Reputation: 6193
Now I'm using Linux to perform the following task:
while read parameter
do
./program_a $parameter $parameter.log 2>&1 &
done < parameter_file
Each parameter refers to the name of the file to be processed. Each file contains a different number of lines to process.
For example:
Parameter file contains:
File_A
File_B
File_C
File_A contains 1k lines, File_B contains 10k lines and File_C contains 1000k lines, which means that in the above script program_a simultaneously processes 1000 lines, 10k lines and 1000k lines respectively. The processing time for each task is almost linearly dependent on the number of lines and each task is independent.

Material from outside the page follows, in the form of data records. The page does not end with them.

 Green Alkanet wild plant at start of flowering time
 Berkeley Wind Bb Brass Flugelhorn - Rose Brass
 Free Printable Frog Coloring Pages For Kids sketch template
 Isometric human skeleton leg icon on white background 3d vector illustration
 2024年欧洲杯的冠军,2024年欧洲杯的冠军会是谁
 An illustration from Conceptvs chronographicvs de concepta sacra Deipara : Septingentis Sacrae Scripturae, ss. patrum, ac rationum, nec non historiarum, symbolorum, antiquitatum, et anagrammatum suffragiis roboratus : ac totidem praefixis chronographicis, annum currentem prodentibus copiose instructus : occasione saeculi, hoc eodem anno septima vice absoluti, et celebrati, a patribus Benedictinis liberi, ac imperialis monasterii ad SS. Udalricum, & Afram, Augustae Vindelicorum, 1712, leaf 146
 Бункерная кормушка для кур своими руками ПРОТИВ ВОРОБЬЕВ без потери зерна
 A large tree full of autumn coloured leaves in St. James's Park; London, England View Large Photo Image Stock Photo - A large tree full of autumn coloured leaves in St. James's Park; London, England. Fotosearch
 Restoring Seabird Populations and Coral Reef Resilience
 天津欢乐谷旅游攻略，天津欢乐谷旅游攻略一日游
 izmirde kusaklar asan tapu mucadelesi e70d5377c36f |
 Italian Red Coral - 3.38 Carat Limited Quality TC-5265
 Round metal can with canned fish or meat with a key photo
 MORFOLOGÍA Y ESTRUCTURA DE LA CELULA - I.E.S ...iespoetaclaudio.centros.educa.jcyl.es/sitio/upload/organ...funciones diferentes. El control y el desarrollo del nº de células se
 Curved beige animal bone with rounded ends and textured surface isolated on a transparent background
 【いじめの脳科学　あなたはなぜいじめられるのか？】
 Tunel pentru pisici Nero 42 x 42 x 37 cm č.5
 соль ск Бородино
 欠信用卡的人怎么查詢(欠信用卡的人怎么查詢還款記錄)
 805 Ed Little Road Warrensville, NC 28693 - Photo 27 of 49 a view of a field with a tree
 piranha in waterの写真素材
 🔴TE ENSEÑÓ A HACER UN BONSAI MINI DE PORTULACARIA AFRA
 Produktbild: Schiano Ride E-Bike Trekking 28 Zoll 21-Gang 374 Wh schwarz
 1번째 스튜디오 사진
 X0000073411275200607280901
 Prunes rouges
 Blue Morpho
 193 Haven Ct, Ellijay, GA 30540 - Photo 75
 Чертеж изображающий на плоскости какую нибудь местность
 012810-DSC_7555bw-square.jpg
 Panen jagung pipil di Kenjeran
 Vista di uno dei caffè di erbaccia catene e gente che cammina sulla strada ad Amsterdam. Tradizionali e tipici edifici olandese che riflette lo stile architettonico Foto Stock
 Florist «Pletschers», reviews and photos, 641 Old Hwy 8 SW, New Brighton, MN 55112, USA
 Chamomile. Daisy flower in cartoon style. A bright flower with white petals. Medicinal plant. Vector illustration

I have 6 cores CPU with 12 threads. Because processing time could vary so that after running tasks for File_A and File_B, only one core will process the task for File_C. This is wasting resources.
I want to split each file to 1k lines and run them simultaneously. But for this example there will be 1011 tasks running (1k for each task). I think this will lead to a serious overly context switch problem. Maybe I can tune to number in each line to solve this problem, but I don't think this is a good solution.
My thought is to limit the tasks running will be always 6 tasks which means always using maximum number of cores to run and reduce context switches to as few as possible. But I don't know how to modify my script to achieve this goal. Anyone can give me some advice?
Upvotes: 5
Views: 753
Reputation: 33740
I assume program_a
can read a single file.
Then this should work using GNU Parallel:
parallel --pipepart --block 10k --cat program_a :::: File_A File_B File_C
Adjust the 10k
to be the size of your 1000 lines.
It does much of the same as @Marcus Rickert's answer, but hides the complexity from you and cleans up temporary files.
If program_a
can read from a fifo, this should be faster:
parallel --pipepart --block 10k --fifo program_a :::: File_A File_B File_C
If program_a
can read from stdin, it will be shorter:
parallel --pipepart --block 10k program_a :::: File_A File_B File_C
If you really must have excactly 1000 arguments try:
cat File_A File_B File_C | parallel --pipe -L1000 -N1 --cat program_a
or:
cat File_A File_B File_C | parallel --pipe -L1000 -N1 program_a
Upvotes: 0
Reputation: 19395
I also think I can use wait to archive the goal.
Indeed, you can achieve the goal with wait
, even though bash
's wait
unfortunately waits for each process of a specified set, not for any one (that is, we can't simply instruct bash
to wait for the earliest finishing process of all running), but since
The processing time for each task is almost linearly dependent on the number of line
and
I want to split each file to 1k lines
we can, to good approximation, say that the process started first also finishes first.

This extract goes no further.